Relationship banking in a cynical world

This economic downturn is long past the point where banks might normally have started waxing lyrical about their commitment to relationship banking. Anticipating the end of past down cycles and sensing good opportunities ahead to lend, banks would already have tried to appeal to new customers by promising to stick with them through bad times such as those recently endured as well as the good.

Not this time, though. Relationship banking is not the favoured buzzword in any marketing campaigns. It is not the repeated trope of speeches and presentations from banks’ senior executives.

There are two possible explanations for this. One is that banks lack confidence in the economic recovery and don’t actually want to do any new business with new customers, being still preoccupied with the financial difficulties of their existing ones. The second is that the whole banking industry is now so utterly discredited that not even a moron in a hurry would be fooled by any of its guff about relationship banking.

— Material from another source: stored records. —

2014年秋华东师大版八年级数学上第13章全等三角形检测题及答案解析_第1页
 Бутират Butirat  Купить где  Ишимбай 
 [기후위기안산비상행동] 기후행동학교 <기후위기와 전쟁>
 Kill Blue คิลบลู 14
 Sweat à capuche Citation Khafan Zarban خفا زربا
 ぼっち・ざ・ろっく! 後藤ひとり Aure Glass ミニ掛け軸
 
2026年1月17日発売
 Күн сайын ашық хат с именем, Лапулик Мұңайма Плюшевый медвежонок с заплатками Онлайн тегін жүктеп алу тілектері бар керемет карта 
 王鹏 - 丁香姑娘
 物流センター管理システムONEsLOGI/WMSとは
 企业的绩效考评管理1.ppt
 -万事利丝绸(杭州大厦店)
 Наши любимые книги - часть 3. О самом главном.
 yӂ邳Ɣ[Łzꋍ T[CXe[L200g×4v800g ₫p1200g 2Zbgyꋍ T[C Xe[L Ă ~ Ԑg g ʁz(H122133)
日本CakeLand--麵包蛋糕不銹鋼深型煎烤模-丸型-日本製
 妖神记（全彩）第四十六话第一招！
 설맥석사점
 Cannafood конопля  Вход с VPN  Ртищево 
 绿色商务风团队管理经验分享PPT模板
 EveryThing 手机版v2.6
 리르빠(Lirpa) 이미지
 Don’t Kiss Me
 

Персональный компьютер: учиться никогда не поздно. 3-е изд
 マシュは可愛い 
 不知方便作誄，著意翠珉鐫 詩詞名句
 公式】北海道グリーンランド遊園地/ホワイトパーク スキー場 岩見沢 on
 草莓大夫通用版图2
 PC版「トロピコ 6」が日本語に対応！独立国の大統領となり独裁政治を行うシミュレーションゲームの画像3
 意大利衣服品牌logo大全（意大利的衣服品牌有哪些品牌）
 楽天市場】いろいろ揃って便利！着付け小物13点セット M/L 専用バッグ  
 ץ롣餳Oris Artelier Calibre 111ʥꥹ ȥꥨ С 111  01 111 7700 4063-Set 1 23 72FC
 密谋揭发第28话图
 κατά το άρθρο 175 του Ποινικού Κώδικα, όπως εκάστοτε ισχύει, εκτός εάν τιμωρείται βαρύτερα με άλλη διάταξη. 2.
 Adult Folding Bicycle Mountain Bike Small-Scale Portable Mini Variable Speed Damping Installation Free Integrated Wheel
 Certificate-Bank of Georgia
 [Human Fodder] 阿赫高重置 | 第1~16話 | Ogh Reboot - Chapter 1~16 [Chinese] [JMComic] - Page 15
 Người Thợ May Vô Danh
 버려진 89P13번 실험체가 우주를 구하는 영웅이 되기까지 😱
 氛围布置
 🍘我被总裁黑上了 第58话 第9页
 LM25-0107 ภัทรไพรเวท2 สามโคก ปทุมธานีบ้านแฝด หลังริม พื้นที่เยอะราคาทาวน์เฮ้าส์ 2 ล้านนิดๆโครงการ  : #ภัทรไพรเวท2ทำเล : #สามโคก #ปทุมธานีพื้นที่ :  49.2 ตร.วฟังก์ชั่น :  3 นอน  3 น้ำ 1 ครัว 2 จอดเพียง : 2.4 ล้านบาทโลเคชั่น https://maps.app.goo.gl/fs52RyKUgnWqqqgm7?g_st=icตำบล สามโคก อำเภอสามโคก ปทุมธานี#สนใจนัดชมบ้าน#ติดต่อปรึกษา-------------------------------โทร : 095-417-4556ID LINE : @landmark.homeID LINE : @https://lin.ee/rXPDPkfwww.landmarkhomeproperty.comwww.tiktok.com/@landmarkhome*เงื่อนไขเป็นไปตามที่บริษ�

Yet this is precisely the moment for banks and their customers to reconsider the benefits to both sides of establishing the economic basis for more stable and long-lasting partnerships than were in vogue in the years up to 2007.

At the start of January, in his first speech as chief executive of Bank of America, Brian Moynihan admitted the obvious: that the industry had over-lent, consumers and companies had over-borrowed, and we had all overleveraged. This had led to our recent economic crisis.

Too much bank credit was too freely available and transactional banking was the dominant pattern.